Work is going on in the town with youngsters aged five and under to try to get them off to a healthy start in life.

The problem is worse in deprived areas

The problem is worse in deprived areas

But the report claims the gap between the most and least healthy areas of the East Riding is widening at a startling rate, and the effects of facilities such as Bridlington’s £25 million leisure centre may not be seen for years.

At 24%, Bridlington Central and Old Town ward has the highest proportion of obese youngsters in the county. Bridlington South is close

behind with 23% a figure which has gone up by a third in the past three years.

South Hunsley is the healthiest spot, with only 9% of children considerably overweight - according to a report which will be presented to members of East Riding of Yorkshire Council’s Health and Wellbeing Board today.

Just three years ago, the figures for the two areas were almost neck-and-neck, but despite a number of schemes to get Bridlington more active, the town’s 11-year-olds are getting bigger.

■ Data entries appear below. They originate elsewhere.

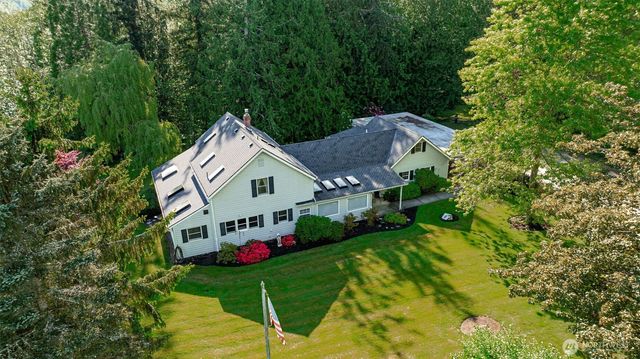 15714 Larson Lane, Mount Vernon, WA 98273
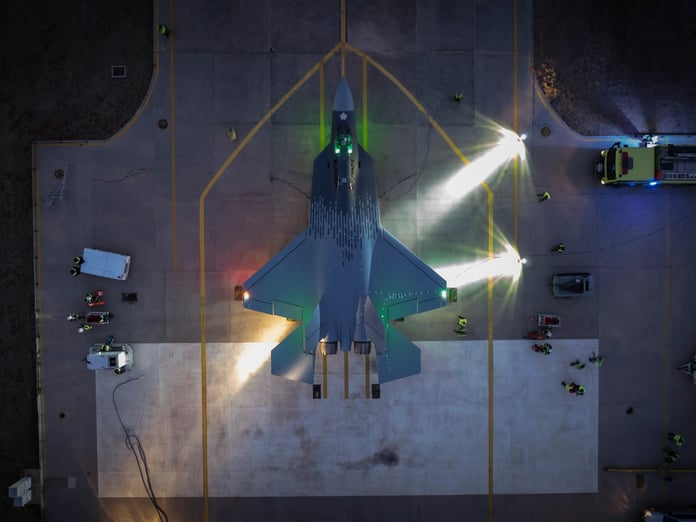 Newsweek: Türkiye’nin KAAN uçağı, F‑35’e rakip olma yolunda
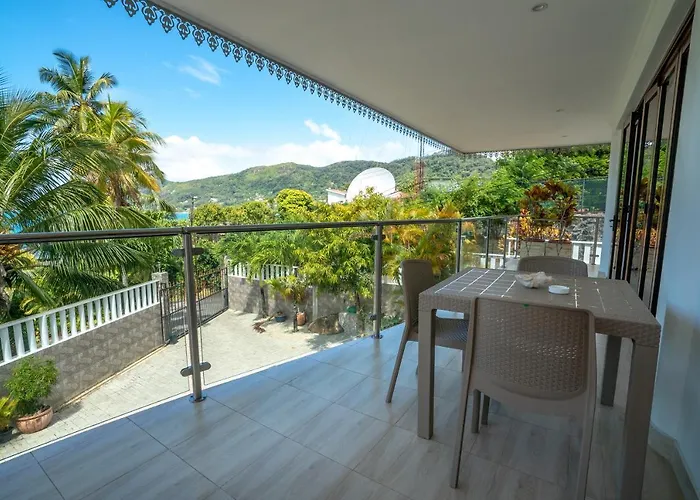 La Belle Self Catering Beau Vallon (Mahe)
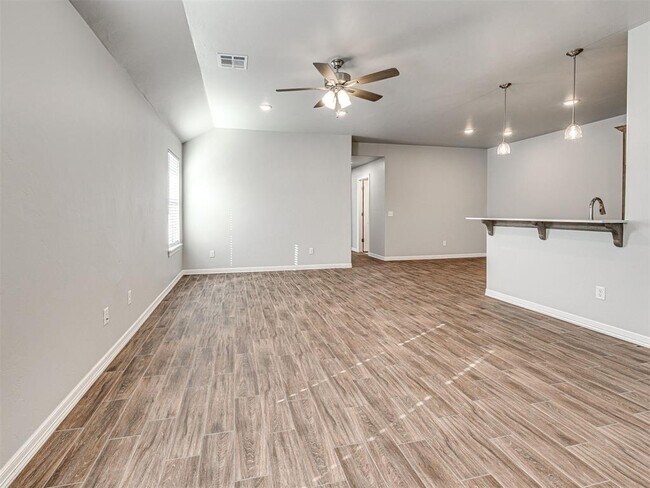 Foto del edificio - 617 B St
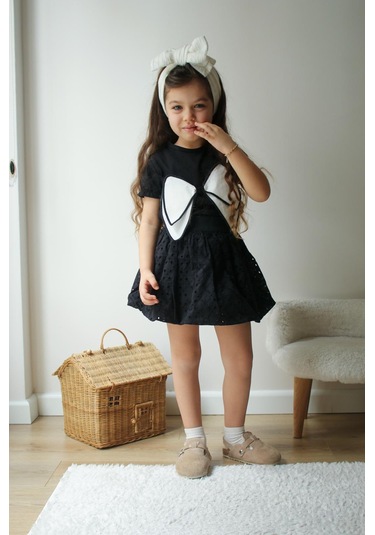 Kız Çocuk Detaylı Mini Balon Etek Fiyonk Aplike Tshirt Altüst Takım 2 Parça Siyah Beyaz Siyah - Beyaz Kız Çocuk Detaylı Mini Balon Etek Fiyonk Aplike Tshirt Altüst Takım 2 Parça Siyah Beyaz Siyah - Beyaz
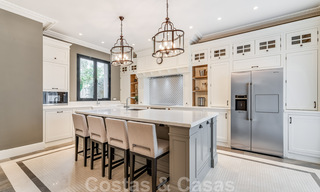 Nieuwbouw villa te koop in een hedendaagse klassieke stijl met zeezicht in vijfsterren golfresort in Marbella - Benahavis 34949 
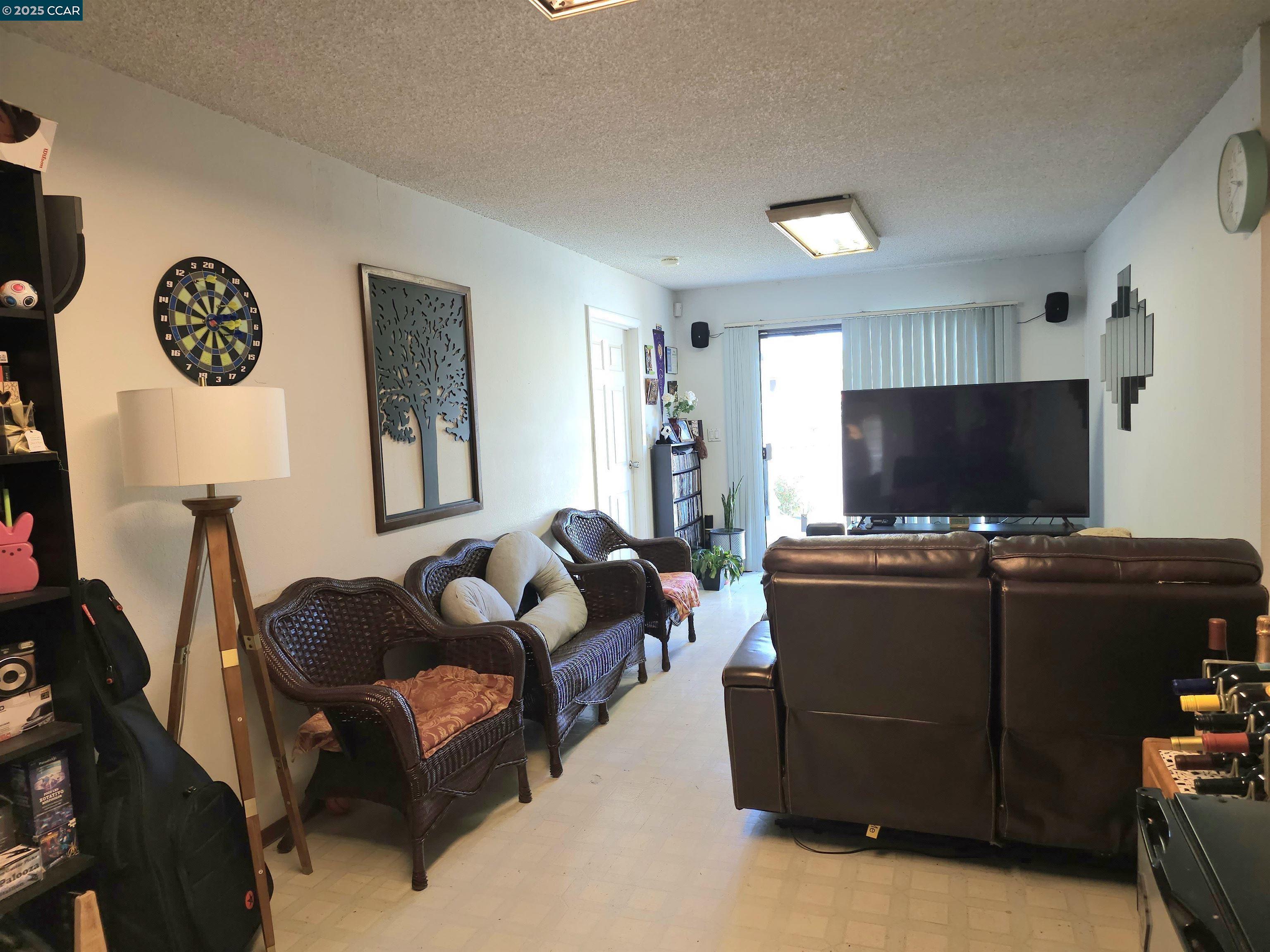 Detail Gallery Image 8 of 10 For 1527 24th St, Richmond,  CA 94806 - 4 Beds | 2 Baths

Paul Wolstencroft, associate director of public health at East Riding of Yorkshire Council, said: “It is very difficult to attribute the rise in childhood obesity to any one particular cause but factors include poverty, culture, genetics, ethnicity, education, diet, processed food and activity levels.

“Obesity rates across England are highest for children from the most deprived areas.

“This has been recognised in the Government’s Childhood Obesity Action Plan and locally we are working with children, young people and their parents to make the healthy choice the easy choice for East Riding residents”.

Bridlington South is the most deprived ward in the East Riding and extra measures are being put in place to turn the trend around.

The report by John Skidmore, East Riding Council’s director of corporate strategy and commissioning, and Jane Hawkard, chief officer at East Riding Clinical Commissioning Group, says: “A range of services are being targeted at the Bridlington area in order to support the reduction of childhood obesity and this will be closely monitored.”

A survey of Year Six pupils showed that nationally 19.3% were obese. That figure was slightly higher for Yorkshire and Humberside, although the East Riding bucks the trend at 17.5%.

Bridlington North fares better than the other two parts of town, with 18% of youngsters moving up to secondary school classed as overweight. That puts it level with Driffield.

Pupils were weighed and measured in their primary schools and the figures used show an average from the past three years’ data.

Laurie Fergusson, public health lead for healthy lifestyles at East Riding Council said: “It’s a really, really diffcult one, you can’t just say it’s down to deprivation.

“We have got the money which has gone into the leisure centre and the interventions at schools, but it is going to take a little while before we see the results.

“A lot of the work going on now isn’t goingto transpire into what we see in the figures until a few years down the line.”

Twenty Bridlington teenagers are already taking part in Young Livewell, a weight-loss programme based at the town’s leisure centre. Work is also going on at Bridlington Children’s Centre with pregnant women and young families to address lifestyle changes and promote physical activity.

But health workers also acknowledge that lifestyles have changed, and parents have a role to play in keeping children away from computer games and fast food restaurants.

“Our kids aren’t as physically active as they were even 10 years ago,” Laurie said. “That has been recognised nationally.

“Diets have changed massively and we have a larger proportion of children having fast food meals more than once a week.

“Our job is to make sure that the message gets out there and to make it easier for parents to make a healthier choice, but it is down to them.

“It’s becoming much more socially acceptable for being overweight to be normal. You hear parents say their children are big-boned or ‘he’s a growing, strapping lad’ but we need to change that perception.

“Long-term we have got nudge people in the right direction.

“Our aim has to be for all children to be in the healthy weight category. We need them to be happy and healthy to give them the best start in life.

“It just might take a bit longer in Bridlington than in some other areas.”